The following are the key capabilities of shard directors:

  • Maintain runtime data about sharded database configuration and availability of shards

  • Measure network latency between its own and other regions

  • Act as a regional listener for clients to connect to a sharded database

  • Manage global services

  • Perform connection load balancing

Global Service

A global service is a database service that is use to access data in a sharded database.

A global service is an extension to the notion of the traditional database service. All of the properties of traditional database services are supported for global services. For sharded databases, additional properties are set for global services — for example, database role, replication lag tolerance, region affinity between clients and shards, and so on. For a read-write transactional workload, a single global service is created to access data from any primary shard in a sharded database. For highly available shards using Active Data Guard, a separate read-only global service can be created.

Management Interfaces for a Sharded Database

The GDSCTL command-line utility is used to configure, deploy, monitor, and manage an Oracle Sharding sharded database. Oracle Enterprise Manager Cloud Control can also be used for sharded database monitoring and management.
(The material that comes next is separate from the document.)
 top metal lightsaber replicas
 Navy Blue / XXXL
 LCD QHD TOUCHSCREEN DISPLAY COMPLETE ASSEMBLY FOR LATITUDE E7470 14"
Like SQL*Plus, GDSCTL is a command-line utility with which you can control all stages of a sharded database's life cycle. You can run GDSCTL remotely from a different server or laptop to configure and deploy a sharded database topology, and then montior and manage your sharded database.

GDSCTL provides a simple declarative way of specifying the configuration of a sharded database and automating its deployment. Only a few GDSCTL commands are required to create a sharded database.

You can also use Cloud Control for sharded database monitoring and life cycle management if you prefer a graphical user interface. With Cloud Control you can monitor availability and performance, and you can make changes to a sharding configuration, such as add and deploy shards, services, shard directors, and other sharding components.